## EXERCISE DIRECTIONS
Copy each line below exactly.

## Saved data entries
┏━━

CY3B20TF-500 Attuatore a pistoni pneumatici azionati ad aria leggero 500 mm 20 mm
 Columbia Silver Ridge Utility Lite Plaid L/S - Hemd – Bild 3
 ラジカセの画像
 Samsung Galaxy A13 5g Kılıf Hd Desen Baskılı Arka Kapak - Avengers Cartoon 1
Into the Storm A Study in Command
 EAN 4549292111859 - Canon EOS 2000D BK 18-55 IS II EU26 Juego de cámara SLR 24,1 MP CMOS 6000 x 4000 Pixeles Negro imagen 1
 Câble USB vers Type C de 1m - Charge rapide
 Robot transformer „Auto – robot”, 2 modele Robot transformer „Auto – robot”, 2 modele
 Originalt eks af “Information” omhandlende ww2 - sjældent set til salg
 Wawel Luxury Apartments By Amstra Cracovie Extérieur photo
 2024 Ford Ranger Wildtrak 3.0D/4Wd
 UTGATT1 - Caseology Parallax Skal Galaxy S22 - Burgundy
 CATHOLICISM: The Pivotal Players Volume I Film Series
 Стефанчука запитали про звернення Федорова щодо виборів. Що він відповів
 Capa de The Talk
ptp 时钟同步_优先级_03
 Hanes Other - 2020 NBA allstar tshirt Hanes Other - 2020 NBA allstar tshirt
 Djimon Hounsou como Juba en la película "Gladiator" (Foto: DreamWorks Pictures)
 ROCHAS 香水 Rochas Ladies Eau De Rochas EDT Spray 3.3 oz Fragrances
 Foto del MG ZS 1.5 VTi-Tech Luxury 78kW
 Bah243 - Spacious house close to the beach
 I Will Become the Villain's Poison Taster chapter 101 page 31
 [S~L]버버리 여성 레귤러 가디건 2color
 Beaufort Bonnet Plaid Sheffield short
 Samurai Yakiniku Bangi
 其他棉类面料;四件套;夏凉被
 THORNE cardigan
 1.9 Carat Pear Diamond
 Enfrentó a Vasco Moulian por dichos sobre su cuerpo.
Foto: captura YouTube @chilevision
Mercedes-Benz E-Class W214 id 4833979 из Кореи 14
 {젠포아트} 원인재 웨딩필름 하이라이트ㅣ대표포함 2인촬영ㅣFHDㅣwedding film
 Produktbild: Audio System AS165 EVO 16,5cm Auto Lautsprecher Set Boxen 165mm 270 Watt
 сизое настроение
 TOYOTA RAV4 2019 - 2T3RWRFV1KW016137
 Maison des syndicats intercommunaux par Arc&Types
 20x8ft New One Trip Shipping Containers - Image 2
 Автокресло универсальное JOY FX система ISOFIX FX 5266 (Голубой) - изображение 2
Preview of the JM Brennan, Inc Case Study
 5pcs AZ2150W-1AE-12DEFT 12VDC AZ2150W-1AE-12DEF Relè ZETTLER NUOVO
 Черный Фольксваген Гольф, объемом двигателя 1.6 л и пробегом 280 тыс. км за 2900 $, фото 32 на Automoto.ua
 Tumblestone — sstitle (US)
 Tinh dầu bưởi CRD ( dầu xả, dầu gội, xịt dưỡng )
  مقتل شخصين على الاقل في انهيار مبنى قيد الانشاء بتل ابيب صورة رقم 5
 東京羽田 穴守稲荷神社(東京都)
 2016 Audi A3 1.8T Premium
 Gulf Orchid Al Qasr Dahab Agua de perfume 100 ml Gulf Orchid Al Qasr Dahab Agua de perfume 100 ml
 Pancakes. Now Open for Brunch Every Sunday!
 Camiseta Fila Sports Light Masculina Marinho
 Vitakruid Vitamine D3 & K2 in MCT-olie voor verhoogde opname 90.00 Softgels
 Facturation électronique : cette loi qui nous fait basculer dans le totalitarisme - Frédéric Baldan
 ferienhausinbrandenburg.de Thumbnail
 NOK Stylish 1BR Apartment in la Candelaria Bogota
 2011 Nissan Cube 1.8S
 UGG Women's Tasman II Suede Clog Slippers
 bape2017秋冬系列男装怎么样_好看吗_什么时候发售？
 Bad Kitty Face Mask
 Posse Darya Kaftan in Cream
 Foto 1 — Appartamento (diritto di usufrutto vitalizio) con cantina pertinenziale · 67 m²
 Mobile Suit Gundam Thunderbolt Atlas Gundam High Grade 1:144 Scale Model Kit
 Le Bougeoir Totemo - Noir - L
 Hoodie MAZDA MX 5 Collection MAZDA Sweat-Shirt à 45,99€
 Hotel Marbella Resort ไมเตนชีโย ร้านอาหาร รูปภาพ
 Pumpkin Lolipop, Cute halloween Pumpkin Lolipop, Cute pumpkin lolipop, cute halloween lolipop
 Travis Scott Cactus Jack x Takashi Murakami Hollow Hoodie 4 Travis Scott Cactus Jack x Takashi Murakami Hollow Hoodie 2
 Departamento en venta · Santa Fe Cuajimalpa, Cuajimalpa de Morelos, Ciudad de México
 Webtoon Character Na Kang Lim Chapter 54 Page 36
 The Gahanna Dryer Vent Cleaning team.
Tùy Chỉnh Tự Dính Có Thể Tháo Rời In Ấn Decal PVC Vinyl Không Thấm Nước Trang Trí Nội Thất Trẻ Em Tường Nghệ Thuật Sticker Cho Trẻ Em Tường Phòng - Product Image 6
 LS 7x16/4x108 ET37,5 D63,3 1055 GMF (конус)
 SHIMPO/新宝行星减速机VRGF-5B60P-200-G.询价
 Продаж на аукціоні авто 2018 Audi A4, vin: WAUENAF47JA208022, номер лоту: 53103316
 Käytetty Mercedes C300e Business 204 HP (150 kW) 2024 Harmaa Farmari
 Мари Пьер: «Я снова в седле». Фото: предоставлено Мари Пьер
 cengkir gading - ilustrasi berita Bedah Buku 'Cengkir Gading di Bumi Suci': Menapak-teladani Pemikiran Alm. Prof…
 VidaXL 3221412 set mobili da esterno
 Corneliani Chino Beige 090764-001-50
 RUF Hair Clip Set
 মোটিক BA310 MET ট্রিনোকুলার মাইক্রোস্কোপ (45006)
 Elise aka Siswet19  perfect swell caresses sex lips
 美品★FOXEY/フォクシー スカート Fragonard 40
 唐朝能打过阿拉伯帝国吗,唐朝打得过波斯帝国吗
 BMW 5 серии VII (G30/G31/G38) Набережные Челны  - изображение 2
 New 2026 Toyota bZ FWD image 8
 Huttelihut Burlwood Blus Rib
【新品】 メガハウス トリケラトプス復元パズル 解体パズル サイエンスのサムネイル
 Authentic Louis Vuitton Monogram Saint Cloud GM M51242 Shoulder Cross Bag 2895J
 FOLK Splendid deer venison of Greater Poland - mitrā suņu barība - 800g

┗━━

## EXERCISE RESPONSE
CY3B20TF-500 Attuatore a pistoni pneumatici azionati ad aria leggero 500 mm 20 mm
 Columbia Silver Ridge Utility Lite Plaid L/S - Hemd – Bild 3
 ラジカセの画像
 Samsung Galaxy A13 5g Kılıf Hd Desen Baskılı Arka Kapak - Avengers Cartoon 1
Into the Storm A Study in Command
 EAN 4549292111859 - Canon EOS 2000D BK 18-55 IS II EU26 Juego de cámara SLR 24,1 MP CMOS 6000 x 4000 Pixeles Negro imagen 1
 Câble USB vers Type C de 1m - Charge rapide
 Robot transformer „Auto – robot”, 2 modele Robot transformer „Auto – robot”, 2 modele
 Originalt eks af “Information” omhandlende ww2 - sjældent set til salg
 Wawel Luxury Apartments By Amstra Cracovie Extérieur photo
 2024 Ford Ranger Wildtrak 3.0D/4Wd
 UTGATT1 - Caseology Parallax Skal Galaxy S22 - Burgundy
 CATHOLICISM: The Pivotal Players Volume I Film Series
 Стефанчука запитали про звернення Федорова щодо виборів. Що він відповів
 Capa de The Talk
ptp 时钟同步_优先级_03
 Hanes Other - 2020 NBA allstar tshirt Hanes Other - 2020 NBA allstar tshirt
 Djimon Hounsou como Juba en la película "Gladiator" (Foto: DreamWorks Pictures)
 ROCHAS 香水 Rochas Ladies Eau De Rochas EDT Spray 3.3 oz Fragrances
 Foto del MG ZS 1.5 VTi-Tech Luxury 78kW
 Bah243 - Spacious house close to the beach
 I Will Become the Villain's Poison Taster chapter 101 page 31
 [S~L]버버리 여성 레귤러 가디건 2color
 Beaufort Bonnet Plaid Sheffield short
 Samurai Yakiniku Bangi
 其他棉类面料;四件套;夏凉被
 THORNE cardigan
 1.9 Carat Pear Diamond
 Enfrentó a Vasco Moulian por dichos sobre su cuerpo.
Foto: captura YouTube @chilevision
Mercedes-Benz E-Class W214 id 4833979 из Кореи 14
 {젠포아트} 원인재 웨딩필름 하이라이트ㅣ대표포함 2인촬영ㅣFHDㅣwedding film
 Produktbild: Audio System AS165 EVO 16,5cm Auto Lautsprecher Set Boxen 165mm 270 Watt
 сизое настроение
 TOYOTA RAV4 2019 - 2T3RWRFV1KW016137
 Maison des syndicats intercommunaux par Arc&Types
 20x8ft New One Trip Shipping Containers - Image 2
 Автокресло универсальное JOY FX система ISOFIX FX 5266 (Голубой) - изображение 2
Preview of the JM Brennan, Inc Case Study
 5pcs AZ2150W-1AE-12DEFT 12VDC AZ2150W-1AE-12DEF Relè ZETTLER NUOVO
 Черный Фольксваген Гольф, объемом двигателя 1.6 л и пробегом 280 тыс. км за 2900 $, фото 32 на Automoto.ua
 Tumblestone — sstitle (US)
 Tinh dầu bưởi CRD ( dầu xả, dầu gội, xịt dưỡng )
  مقتل شخصين على الاقل في انهيار مبنى قيد الانشاء بتل ابيب صورة رقم 5
 東京羽田 穴守稲荷神社(東京都)
 2016 Audi A3 1.8T Premium
 Gulf Orchid Al Qasr Dahab Agua de perfume 100 ml Gulf Orchid Al Qasr Dahab Agua de perfume 100 ml
 Pancakes. Now Open for Brunch Every Sunday!
 Camiseta Fila Sports Light Masculina Marinho
 Vitakruid Vitamine D3 & K2 in MCT-olie voor verhoogde opname 90.00 Softgels
 Facturation électronique : cette loi qui nous fait basculer dans le totalitarisme - Frédéric Baldan
 ferienhausinbrandenburg.de Thumbnail
 NOK Stylish 1BR Apartment in la Candelaria Bogota
 2011 Nissan Cube 1.8S
 UGG Women's Tasman II Suede Clog Slippers
 bape2017秋冬系列男装怎么样_好看吗_什么时候发售？
 Bad Kitty Face Mask
 Posse Darya Kaftan in Cream
 Foto 1 — Appartamento (diritto di usufrutto vitalizio) con cantina pertinenziale · 67 m²
 Mobile Suit Gundam Thunderbolt Atlas Gundam High Grade 1:144 Scale Model Kit
 Le Bougeoir Totemo - Noir - L
 Hoodie MAZDA MX 5 Collection MAZDA Sweat-Shirt à 45,99€
 Hotel Marbella Resort ไมเตนชีโย ร้านอาหาร รูปภาพ
 Pumpkin Lolipop, Cute halloween Pumpkin Lolipop, Cute pumpkin lolipop, cute halloween lolipop
 Travis Scott Cactus Jack x Takashi Murakami Hollow Hoodie 4 Travis Scott Cactus Jack x Takashi Murakami Hollow Hoodie 2
 Departamento en venta · Santa Fe Cuajimalpa, Cuajimalpa de Morelos, Ciudad de México
 Webtoon Character Na Kang Lim Chapter 54 Page 36
 The Gahanna Dryer Vent Cleaning team.
Tùy Chỉnh Tự Dính Có Thể Tháo Rời In Ấn Decal PVC Vinyl Không Thấm Nước Trang Trí Nội Thất Trẻ Em Tường Nghệ Thuật Sticker Cho Trẻ Em Tường Phòng - Product Image 6
 LS 7x16/4x108 ET37,5 D63,3 1055 GMF (конус)
 SHIMPO/新宝行星减速机VRGF-5B60P-200-G.询价
 Продаж на аукціоні авто 2018 Audi A4, vin: WAUENAF47JA208022, номер лоту: 53103316
 Käytetty Mercedes C300e Business 204 HP (150 kW) 2024 Harmaa Farmari
 Мари Пьер: «Я снова в седле». Фото: предоставлено Мари Пьер
 cengkir gading - ilustrasi berita Bedah Buku 'Cengkir Gading di Bumi Suci': Menapak-teladani Pemikiran Alm. Prof…
 VidaXL 3221412 set mobili da esterno
 Corneliani Chino Beige 090764-001-50
 RUF Hair Clip Set
 মোটিক BA310 MET ট্রিনোকুলার মাইক্রোস্কোপ (45006)
 Elise aka Siswet19  perfect swell caresses sex lips
 美品★FOXEY/フォクシー スカート Fragonard 40
 唐朝能打过阿拉伯帝国吗,唐朝打得过波斯帝国吗
 BMW 5 серии VII (G30/G31/G38) Набережные Челны  - изображение 2
 New 2026 Toyota bZ FWD image 8
 Huttelihut Burlwood Blus Rib
【新品】 メガハウス トリケラトプス復元パズル 解体パズル サイエンスのサムネイル
 Authentic Louis Vuitton Monogram Saint Cloud GM M51242 Shoulder Cross Bag 2895J
 FOLK Splendid deer venison of Greater Poland - mitrā suņu barība - 800g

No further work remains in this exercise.